株主総会の終盤では、2019年末で社外取締役を退任したファーストリテイリング会長兼社長の柳井正氏について言及した。「事業家としては好きだけど投資家としては好きじゃないと言われたのが柳井正氏からだった」ことを明かした上で、「投資家としては好きじゃないというのは、柳井氏の本音かもしれない」と率直に認めた。
最後に「60代で引き継ぐ」との考えを示していた後継者問題について、80歳を超えた今も投資家として現役バリバリのウォーレン・バフェット氏を例示しつつ、「69歳を過ぎても社長をやっているかもしれないし、会長として経営に関わるかもしれない。後継者選びは最重要な仕事の一つだ」と“生涯現役”と受け止められるような発言をし、注目された。
「豆腐屋のように1丁(1兆円)、2丁(2兆円)と数えられるようになる」というのが孫氏が創業当時に語った夢だが、この夢は“正夢”となった。

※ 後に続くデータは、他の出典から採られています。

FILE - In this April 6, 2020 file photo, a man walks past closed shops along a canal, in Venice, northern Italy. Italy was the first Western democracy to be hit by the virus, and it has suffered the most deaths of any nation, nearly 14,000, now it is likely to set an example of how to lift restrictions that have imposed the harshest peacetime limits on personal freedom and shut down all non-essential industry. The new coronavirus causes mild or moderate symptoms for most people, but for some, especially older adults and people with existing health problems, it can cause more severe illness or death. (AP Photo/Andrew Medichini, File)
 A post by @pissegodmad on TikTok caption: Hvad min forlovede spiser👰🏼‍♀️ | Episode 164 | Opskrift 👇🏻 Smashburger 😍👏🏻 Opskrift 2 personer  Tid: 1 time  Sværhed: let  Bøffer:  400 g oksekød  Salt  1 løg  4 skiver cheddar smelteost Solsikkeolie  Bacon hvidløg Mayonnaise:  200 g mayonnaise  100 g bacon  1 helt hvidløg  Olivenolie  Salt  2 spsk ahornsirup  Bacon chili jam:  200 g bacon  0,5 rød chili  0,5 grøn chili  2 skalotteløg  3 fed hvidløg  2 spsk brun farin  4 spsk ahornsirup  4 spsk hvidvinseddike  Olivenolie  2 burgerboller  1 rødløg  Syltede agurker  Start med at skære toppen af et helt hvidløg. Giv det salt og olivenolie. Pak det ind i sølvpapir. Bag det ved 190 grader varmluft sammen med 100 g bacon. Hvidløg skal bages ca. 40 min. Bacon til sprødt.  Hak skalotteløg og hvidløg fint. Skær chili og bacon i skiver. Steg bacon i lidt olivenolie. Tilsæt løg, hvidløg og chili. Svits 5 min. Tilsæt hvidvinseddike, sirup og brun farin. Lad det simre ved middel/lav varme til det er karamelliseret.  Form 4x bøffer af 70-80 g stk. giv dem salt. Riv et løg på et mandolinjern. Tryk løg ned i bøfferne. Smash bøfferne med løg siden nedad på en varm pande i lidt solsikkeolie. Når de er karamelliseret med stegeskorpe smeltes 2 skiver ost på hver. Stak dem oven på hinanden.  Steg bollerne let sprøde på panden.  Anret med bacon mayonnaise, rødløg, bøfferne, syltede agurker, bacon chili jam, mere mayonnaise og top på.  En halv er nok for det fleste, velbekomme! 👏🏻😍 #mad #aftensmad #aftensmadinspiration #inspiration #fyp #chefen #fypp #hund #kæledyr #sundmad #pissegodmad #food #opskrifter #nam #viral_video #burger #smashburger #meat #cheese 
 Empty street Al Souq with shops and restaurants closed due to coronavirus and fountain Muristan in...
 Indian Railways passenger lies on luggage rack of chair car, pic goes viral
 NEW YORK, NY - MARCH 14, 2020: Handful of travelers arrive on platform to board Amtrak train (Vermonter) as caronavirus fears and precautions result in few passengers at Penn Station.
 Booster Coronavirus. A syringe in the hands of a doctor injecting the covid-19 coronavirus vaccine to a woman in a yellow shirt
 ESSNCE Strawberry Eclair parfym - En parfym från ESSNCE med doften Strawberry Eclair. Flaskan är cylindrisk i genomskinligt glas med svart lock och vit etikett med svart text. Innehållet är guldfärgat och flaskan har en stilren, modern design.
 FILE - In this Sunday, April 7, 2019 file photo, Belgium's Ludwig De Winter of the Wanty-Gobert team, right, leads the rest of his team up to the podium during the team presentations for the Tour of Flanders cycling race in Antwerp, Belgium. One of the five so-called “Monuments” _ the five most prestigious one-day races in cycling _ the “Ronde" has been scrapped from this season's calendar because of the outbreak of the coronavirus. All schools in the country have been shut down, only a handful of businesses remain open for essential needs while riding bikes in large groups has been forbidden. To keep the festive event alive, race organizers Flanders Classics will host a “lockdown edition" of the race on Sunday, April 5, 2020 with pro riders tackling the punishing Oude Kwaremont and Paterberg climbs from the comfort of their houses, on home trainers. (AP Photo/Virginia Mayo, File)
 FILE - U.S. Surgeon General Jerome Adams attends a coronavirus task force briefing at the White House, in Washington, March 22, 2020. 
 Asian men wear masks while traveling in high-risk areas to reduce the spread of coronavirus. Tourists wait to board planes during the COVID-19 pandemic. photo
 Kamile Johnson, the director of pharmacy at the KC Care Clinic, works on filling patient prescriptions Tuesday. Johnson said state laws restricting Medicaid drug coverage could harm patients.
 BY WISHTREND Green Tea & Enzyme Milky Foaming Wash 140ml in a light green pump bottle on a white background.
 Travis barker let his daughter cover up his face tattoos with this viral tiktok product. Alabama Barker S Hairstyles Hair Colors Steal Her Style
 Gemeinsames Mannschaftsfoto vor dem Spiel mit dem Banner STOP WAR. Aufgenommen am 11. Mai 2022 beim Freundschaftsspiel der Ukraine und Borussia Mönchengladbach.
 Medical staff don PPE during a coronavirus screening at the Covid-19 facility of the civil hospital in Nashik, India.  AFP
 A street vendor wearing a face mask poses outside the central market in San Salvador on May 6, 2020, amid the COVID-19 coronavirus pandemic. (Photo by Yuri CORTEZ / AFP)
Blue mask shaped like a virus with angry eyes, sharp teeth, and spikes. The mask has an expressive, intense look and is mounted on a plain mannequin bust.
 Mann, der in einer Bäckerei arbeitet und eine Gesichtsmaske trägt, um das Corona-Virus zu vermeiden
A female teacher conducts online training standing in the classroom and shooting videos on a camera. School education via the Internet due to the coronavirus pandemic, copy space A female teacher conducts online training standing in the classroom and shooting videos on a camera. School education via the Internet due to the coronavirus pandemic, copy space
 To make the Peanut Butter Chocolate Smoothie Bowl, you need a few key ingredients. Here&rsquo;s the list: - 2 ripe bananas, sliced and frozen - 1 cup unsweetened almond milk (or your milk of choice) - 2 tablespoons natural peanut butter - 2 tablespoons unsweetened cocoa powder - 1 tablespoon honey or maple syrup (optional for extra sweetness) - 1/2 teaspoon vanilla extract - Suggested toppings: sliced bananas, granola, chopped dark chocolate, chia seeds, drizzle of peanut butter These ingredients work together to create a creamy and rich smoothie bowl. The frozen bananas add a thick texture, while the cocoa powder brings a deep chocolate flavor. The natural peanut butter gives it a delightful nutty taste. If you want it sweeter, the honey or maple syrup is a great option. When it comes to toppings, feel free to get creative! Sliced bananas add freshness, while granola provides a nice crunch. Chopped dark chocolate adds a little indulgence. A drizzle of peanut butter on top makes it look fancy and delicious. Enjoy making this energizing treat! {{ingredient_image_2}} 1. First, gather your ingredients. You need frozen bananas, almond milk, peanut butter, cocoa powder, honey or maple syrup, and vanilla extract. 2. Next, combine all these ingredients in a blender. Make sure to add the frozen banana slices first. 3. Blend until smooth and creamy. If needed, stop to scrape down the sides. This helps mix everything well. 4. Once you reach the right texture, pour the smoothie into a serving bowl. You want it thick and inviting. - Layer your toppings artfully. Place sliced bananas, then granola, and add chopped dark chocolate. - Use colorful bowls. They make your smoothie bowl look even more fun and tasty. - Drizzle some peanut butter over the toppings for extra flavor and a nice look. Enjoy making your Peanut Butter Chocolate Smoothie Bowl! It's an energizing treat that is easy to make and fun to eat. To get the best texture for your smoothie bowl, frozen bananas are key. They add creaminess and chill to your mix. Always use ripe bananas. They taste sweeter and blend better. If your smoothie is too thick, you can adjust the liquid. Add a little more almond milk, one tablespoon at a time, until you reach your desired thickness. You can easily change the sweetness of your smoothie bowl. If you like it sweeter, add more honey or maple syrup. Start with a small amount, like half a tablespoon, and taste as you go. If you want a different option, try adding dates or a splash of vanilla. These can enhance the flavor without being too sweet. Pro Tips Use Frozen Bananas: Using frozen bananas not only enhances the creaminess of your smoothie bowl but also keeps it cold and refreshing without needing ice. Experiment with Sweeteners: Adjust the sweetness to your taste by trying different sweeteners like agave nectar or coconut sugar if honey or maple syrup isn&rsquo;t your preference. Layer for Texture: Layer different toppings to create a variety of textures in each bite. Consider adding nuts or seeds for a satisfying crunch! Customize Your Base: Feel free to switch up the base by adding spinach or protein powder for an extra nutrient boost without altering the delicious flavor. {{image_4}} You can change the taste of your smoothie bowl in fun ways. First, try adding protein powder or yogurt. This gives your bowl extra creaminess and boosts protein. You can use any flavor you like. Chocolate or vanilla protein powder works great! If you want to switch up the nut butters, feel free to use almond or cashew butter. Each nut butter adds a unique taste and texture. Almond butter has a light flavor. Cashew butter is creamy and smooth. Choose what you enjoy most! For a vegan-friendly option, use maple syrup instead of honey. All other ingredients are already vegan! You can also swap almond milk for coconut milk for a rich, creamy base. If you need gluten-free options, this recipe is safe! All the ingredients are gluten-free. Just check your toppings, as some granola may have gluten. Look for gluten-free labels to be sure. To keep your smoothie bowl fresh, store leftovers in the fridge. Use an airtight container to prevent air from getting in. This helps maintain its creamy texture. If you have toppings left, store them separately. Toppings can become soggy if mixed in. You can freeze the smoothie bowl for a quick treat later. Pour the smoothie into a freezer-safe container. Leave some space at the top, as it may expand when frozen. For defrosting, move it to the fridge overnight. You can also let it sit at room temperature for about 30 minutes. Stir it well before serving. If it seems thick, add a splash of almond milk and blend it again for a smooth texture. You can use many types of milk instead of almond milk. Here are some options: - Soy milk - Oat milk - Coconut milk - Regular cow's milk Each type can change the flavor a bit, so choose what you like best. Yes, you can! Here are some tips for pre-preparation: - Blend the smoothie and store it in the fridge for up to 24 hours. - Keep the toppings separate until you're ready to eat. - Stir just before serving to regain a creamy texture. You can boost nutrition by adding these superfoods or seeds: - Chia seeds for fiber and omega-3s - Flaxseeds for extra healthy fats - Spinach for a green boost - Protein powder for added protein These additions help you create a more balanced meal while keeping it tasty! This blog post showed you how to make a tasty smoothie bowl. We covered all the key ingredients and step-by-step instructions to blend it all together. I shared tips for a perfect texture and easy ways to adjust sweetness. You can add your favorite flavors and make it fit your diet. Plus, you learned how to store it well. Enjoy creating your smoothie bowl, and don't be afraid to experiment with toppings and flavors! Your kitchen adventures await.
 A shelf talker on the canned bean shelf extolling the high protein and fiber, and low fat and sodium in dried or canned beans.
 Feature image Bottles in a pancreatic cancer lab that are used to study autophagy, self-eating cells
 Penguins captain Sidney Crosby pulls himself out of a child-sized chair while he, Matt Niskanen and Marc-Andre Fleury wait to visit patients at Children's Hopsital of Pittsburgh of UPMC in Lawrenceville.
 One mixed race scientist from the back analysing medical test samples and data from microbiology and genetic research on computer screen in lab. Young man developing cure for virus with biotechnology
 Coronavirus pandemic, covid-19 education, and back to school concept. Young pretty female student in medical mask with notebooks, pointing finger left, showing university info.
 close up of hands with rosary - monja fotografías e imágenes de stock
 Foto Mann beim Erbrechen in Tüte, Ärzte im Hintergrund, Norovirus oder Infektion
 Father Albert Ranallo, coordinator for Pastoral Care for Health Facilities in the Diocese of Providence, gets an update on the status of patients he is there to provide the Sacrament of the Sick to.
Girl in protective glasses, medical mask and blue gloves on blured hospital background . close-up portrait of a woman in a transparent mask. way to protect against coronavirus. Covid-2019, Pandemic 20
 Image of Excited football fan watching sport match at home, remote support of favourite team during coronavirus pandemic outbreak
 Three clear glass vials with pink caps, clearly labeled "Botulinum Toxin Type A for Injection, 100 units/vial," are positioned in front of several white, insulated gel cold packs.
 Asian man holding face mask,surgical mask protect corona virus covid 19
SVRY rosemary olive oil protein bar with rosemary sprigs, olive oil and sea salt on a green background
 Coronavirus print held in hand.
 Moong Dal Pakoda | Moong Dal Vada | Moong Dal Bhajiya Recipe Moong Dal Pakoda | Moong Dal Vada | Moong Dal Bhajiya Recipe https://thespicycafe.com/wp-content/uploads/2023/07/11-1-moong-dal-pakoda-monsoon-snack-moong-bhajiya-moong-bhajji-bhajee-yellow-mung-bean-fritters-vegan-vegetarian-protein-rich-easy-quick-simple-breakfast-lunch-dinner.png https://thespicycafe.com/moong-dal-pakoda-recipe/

それでも、「SBGの高収益はアップルに代表される米国の巨大IT企業とは全く性格を異にする」(証券会社アナリスト)という声もある。投資頼みで地に足がついた企業活動による利益ではないというシビアな見方も多い。SBGの高収益は「砂上の楼閣」と評するアナリストもいるが、投資先次第で業績に大きなブレが生じることは避けられない。
シェアオフィス「ウィーワーク」を運営する米ウィーカンパニーの巨額投資に失敗したことは記憶に新しい。SBGはウィーワーク株の売却に踏み切った。最近でも、英金融サービス企業のグリーンシル・キャピタルが経営破綻し、「SBGにどれだけ損失が出るのか」と懸念する声もある。
SVF2号ファンドの投資社数が急増している。1号ファンドと比較すると1件当たりの投資金額は少なくなっている。ウィーワークの経営危機が取り沙汰された折には追加支援の決断を迫られたが、今後、投資した案件の業績が悪化しても救済融資はしないことを基本方針とした。それでもスタートアップ企業に対する投資では「経営破綻」の4文字がつきまとう。
SBGはSVFを通じ、米株式市場に上場を目指す中国の新興企業に数多く出資している。IT大手のアリババ集団は大成功し、滴滴など4社が米国市場に上場し、SBGは巨額の上場益を手にした。しかし、“ポスト・コロナ”の市場環境は流動的だ。
SBGは8月10日、21年4~6月期連結決算(国際会計基準)を発表したが、最終利益は前年同期比39.4%減の7615億円だった。前年同期は米国携帯大手TモバイルUSの売却が4000億円以上、利益を押し上げた反動が出た。主力の投資ファンド事業も伸び悩んだ。SVFによる投資利益は2.9%減の2878億円だった。
8月10日に記者会見した孫会長は、中国IT大手について「将来性に懸念は抱いていないが、今は受難の時。当面は用心深くいきたい」と説明した。中国企業への出資割合を、4月以降は全体の1割ほどに引き下げている。
それでもSBG全体の保有資産に占める割合はアリババ集団が約4割に上るなど、依然として中国企業の比重は大きい。売上高は同15.6%増の1兆4791億円だった。法人向け携帯電話事業が伸び、LINEを子会社にしたことも寄与した。
投資会社の性格を強めており、「SBGの業績は、今後も中国政府の動向に左右される展開が続く」と見る市場関係者が多い。これが株価の上値を重くしている。